> [The records]:
---

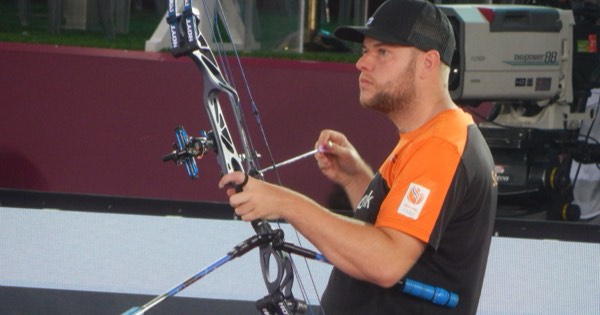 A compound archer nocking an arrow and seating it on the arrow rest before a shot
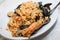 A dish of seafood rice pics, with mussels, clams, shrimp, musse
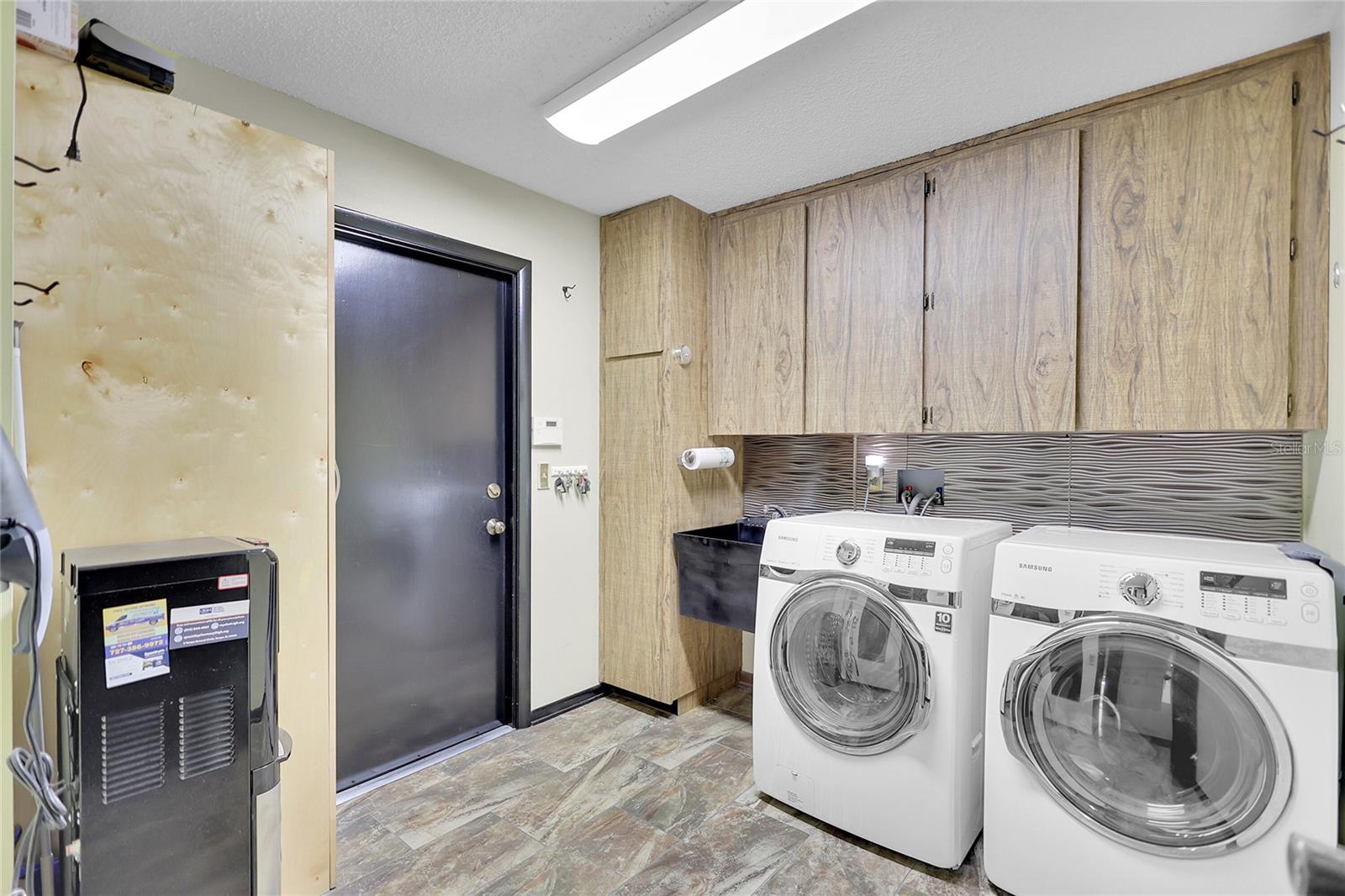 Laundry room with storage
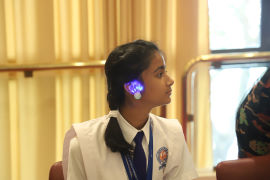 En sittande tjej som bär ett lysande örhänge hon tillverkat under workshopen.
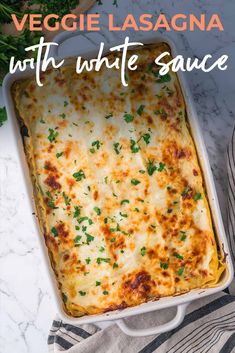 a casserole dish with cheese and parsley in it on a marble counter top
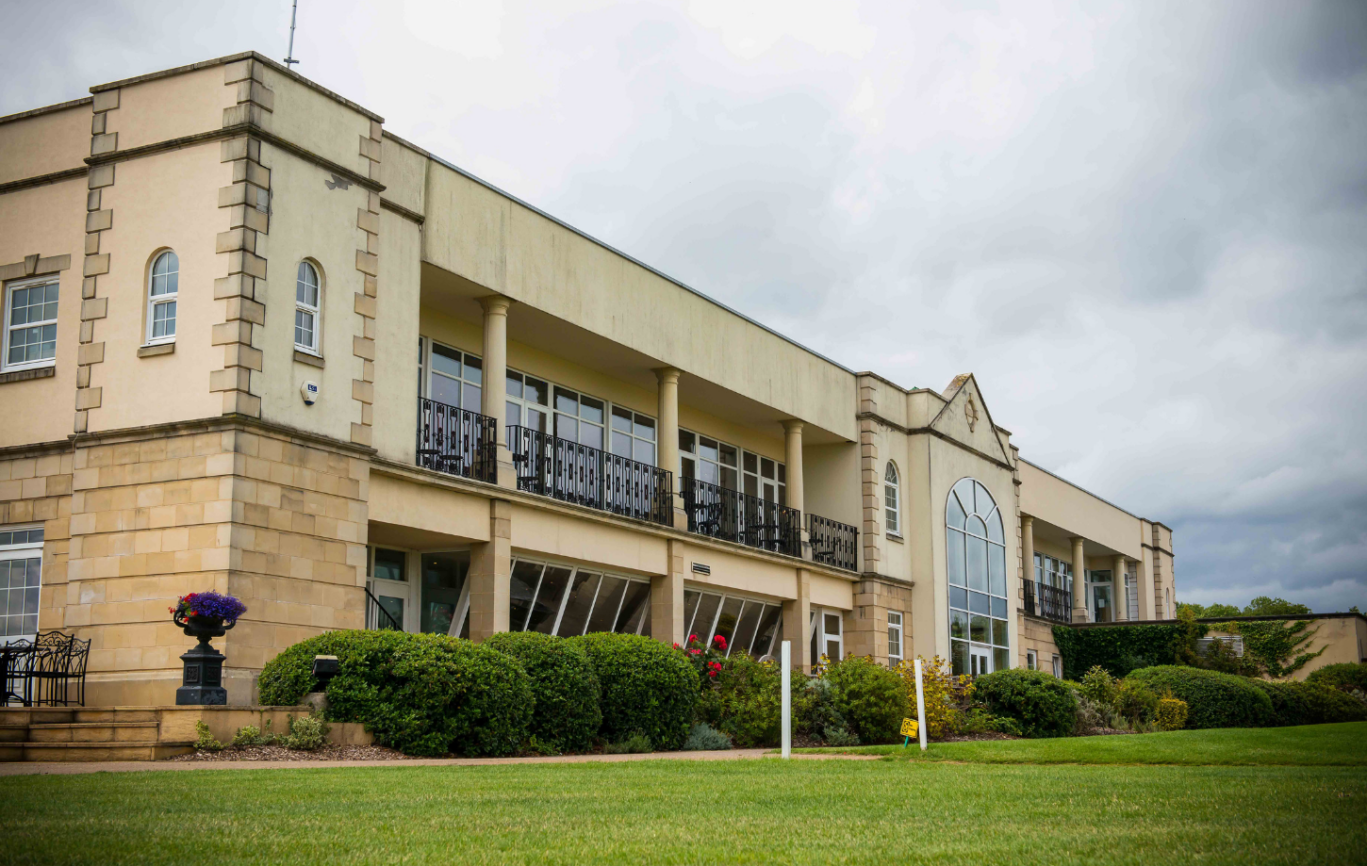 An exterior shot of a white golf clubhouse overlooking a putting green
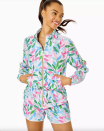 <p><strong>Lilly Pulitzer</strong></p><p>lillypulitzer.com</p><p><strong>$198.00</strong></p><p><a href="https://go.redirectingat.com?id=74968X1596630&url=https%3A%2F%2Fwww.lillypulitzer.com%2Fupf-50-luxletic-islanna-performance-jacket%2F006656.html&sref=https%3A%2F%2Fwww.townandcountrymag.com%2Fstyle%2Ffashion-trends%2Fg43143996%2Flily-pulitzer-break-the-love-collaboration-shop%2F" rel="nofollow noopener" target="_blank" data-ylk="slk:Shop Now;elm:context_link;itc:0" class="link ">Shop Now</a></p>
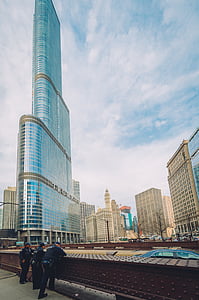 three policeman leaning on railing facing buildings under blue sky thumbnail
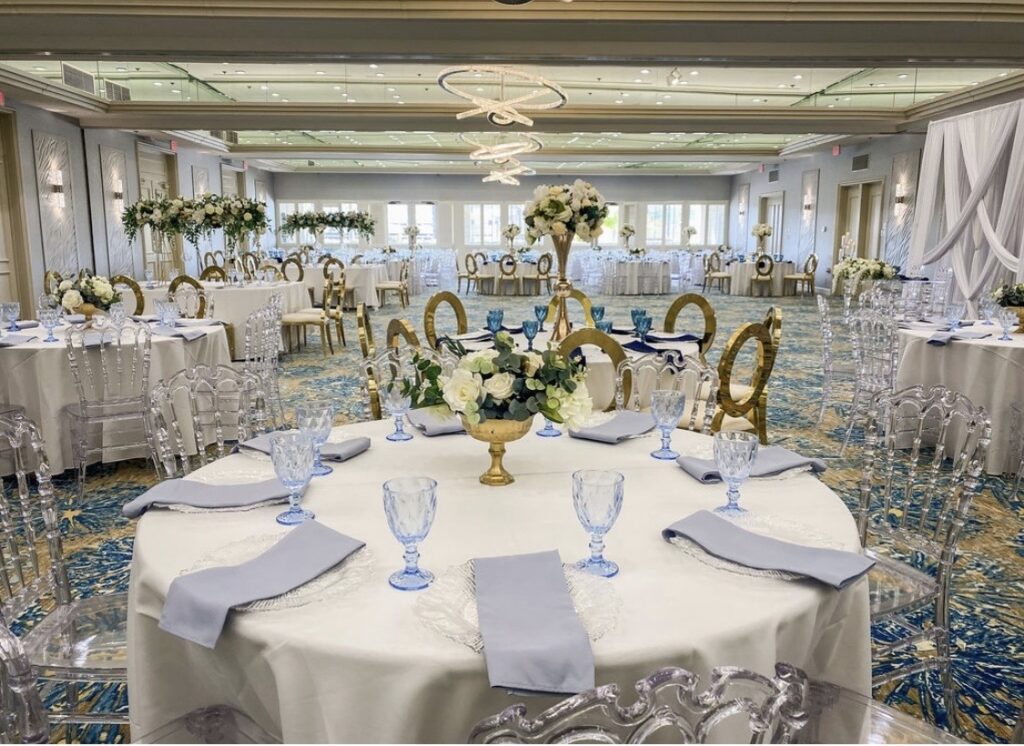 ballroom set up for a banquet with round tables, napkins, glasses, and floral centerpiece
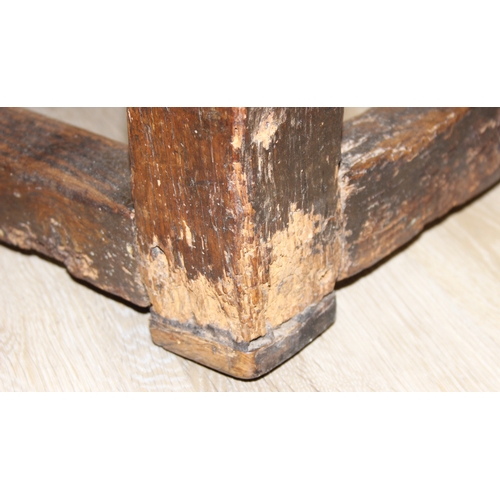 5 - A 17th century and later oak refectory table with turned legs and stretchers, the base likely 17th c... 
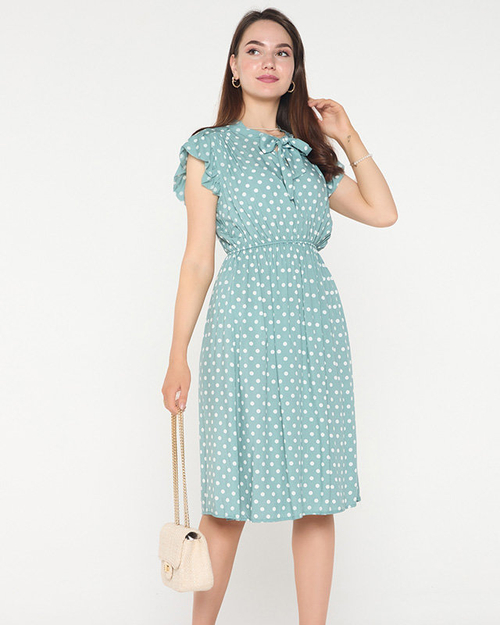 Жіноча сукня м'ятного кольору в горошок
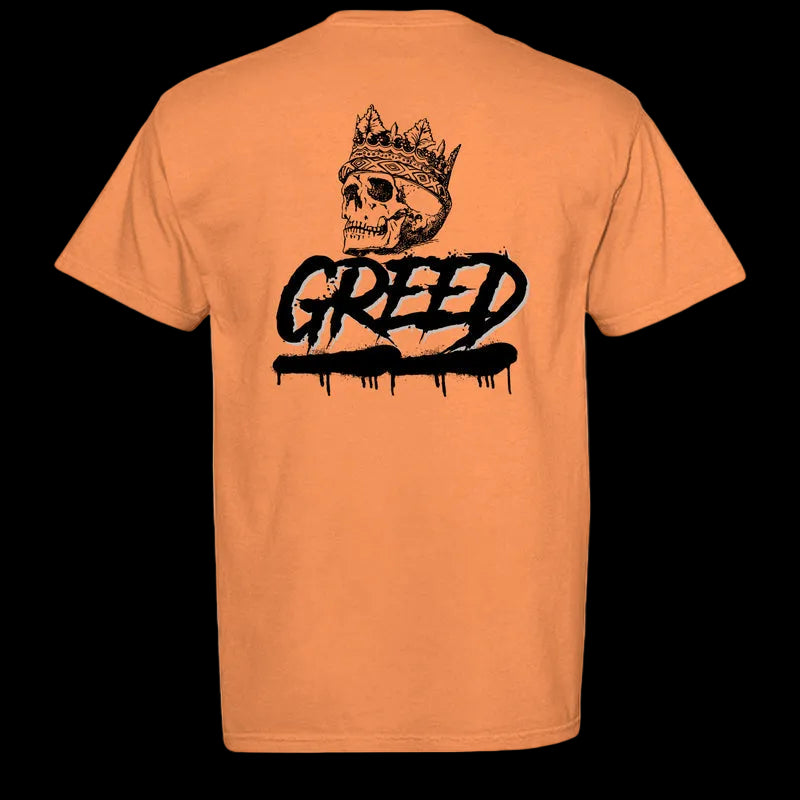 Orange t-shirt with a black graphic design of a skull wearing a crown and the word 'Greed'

---

> [Exercise prompt]:
Your copy must match the records above word for word and contain no pictures.

> [Solution to this problem]:
 A compound archer nocking an arrow and seating it on the arrow rest before a shot
 A dish of seafood rice pics, with mussels, clams, shrimp, musse
 Laundry room with storage
 En sittande tjej som bär ett lysande örhänge hon tillverkat under workshopen.
 a casserole dish with cheese and parsley in it on a marble counter top
 An exterior shot of a white golf clubhouse overlooking a putting green
 <p><strong>Lilly Pulitzer</strong></p><p>lillypulitzer.com</p><p><strong>$198.00</strong></p><p><a href="https://go.redirectingat.com?id=74968X1596630&url=https%3A%2F%2Fwww.lillypulitzer.com%2Fupf-50-luxletic-islanna-performance-jacket%2F006656.html&sref=https%3A%2F%2Fwww.townandcountrymag.com%2Fstyle%2Ffashion-trends%2Fg43143996%2Flily-pulitzer-break-the-love-collaboration-shop%2F" rel="nofollow noopener" target="_blank" data-ylk="slk:Shop Now;elm:context_link;itc:0" class="link ">Shop Now</a></p>
 three policeman leaning on railing facing buildings under blue sky thumbnail
 ballroom set up for a banquet with round tables, napkins, glasses, and floral centerpiece
 5 - A 17th century and later oak refectory table with turned legs and stretchers, the base likely 17th c... 
 Жіноча сукня м'ятного кольору в горошок
 Orange t-shirt with a black graphic design of a skull wearing a crown and the word 'Greed'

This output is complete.